Tout le monde ne partage pas l’optimisme de Prague. Roth appelle à la prudence quant aux délais et aux coûts. La rhétorique politique change, note-t-il, mais l’économie reste la même.

« Les projets nucléaires qui ont été achevés en Europe ces dernières années ont été assez coûteux et assez longs », a-t-il déclaré à L’Observatoire de l’Europe. « La question est : les pressions politiques peuvent-elles changer cela ? Personnellement, j’ai des doutes. »

Roth ne rejette pas entièrement le nucléaire ; il admet que cela peut contribuer à décarboner les réseaux, mais souligne le rythme de la transition. « L’Europe peut construire des panneaux solaires et des centrales éoliennes beaucoup plus rapidement et abandonner les combustibles fossiles plus tôt que de recourir au nucléaire, ce qui pourrait prendre dix ans », a-t-il déclaré.

Pour Roth, la leçon des crises énergétiques est claire : la dépendance aux combustibles fossiles doit cesser, et le chemin le plus rapide n’est pas un programme de construction nucléaire sur une décennie.

La mini-France d’Europe centrale

La France, le géant nucléaire européen, exploite 56 réacteurs générant 65 à 70 pour cent de son électricité. La Tchéquie, avec six réacteurs, produit 30 térawattheures par an à partir d’une capacité de 4,3 gigawatts.

Par habitant, l’écart entre la Tchéquie et la France est plus étroit, et son objectif de 68 % d’ici 2040 la placerait proportionnellement aux côtés de Paris, malgré sa plus petite taille. Les deux pays ont également fait des choix différents sur le contrat Dukovany.
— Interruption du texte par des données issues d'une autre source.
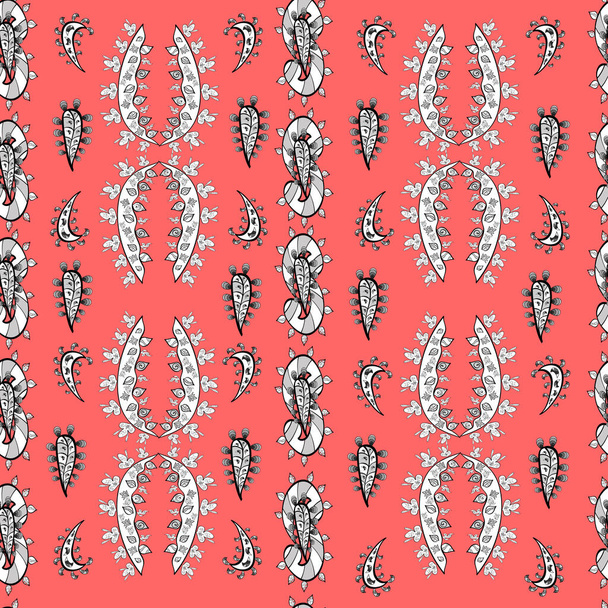 Seamless pattern with interesting doodles on colorfil background. Raster illustration. - Photo, Image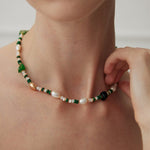 Ivy - Freshwater Pearl and Malachite Necklace - Pearlorious Jewellery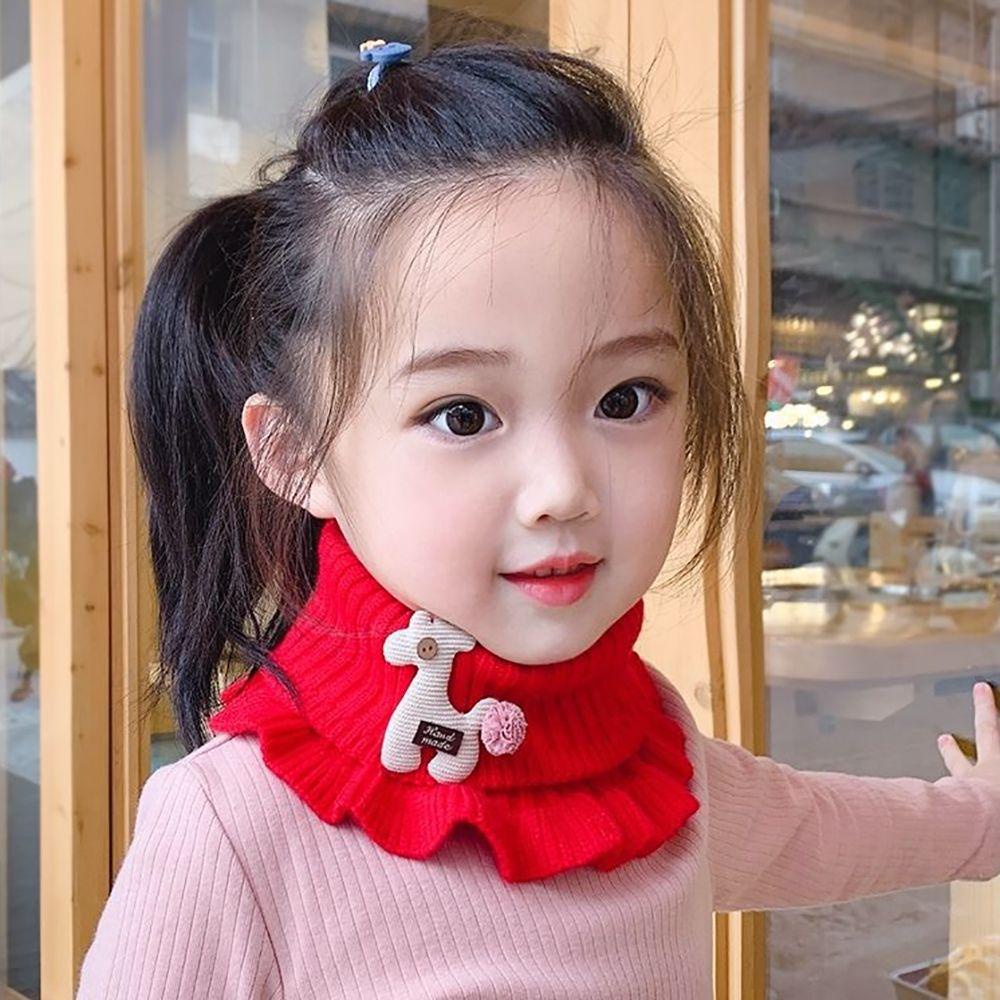 Khăn Choàng Cổ Đan Len Dày Dặn Giữ Ấm Họa Tiết Hoạt Hình Dễ Thương Thời Trang Mùa Đông Cho Bé Gái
Le français EDF a présenté son réacteur EPR1200, promettant des collaborations avec son propre programme de nouvelle construction et une intégration dans une chaîne d’approvisionnement européenne plus large.

Prague a plutôt choisi le KHNP coréen, en grande partie pour des raisons de prix et d’expérience. La conception de l’EPR d’EDF a été affectée par des retards et des dépassements de coûts à Flamanville, en France, et à Olkiluoto, en Finlande, tandis que KHNP a achevé dans les délais plusieurs unités en Corée du Sud. Cette décision constitue un verdict discret mais significatif sur l’état de l’industrie nucléaire européenne.

La France et la Tchéquie convergent en termes de volonté politique et d’opinion publique. Le soutien de la Tchéquie au nucléaire est de 71 à 78 pour cent, ce qui correspond aux 66 à 70 pour cent de la France. Les deux pays profitent des crises énergétiques pour renforcer leur production de base nationale à faible émission de carbone. Ils militent activement en faveur d’un cadre nucléaire européen plus solide et prônent un traitement égal pour l’énergie atomique dans le financement vert.

Des obstacles demeurent. L’Autriche est une critique virulente et a lancé des actions en justice contre l’aide d’État de l’UE à Dukovany. Un site de déchets nucléaires à long terme doit être choisi d’ici les années 2030 ; les dépassements de coûts restent un risque, même avec les entrepreneurs coréens. Pour l’instant, la stratégie tchèque figure parmi les plans les plus cohérents d’Europe centrale.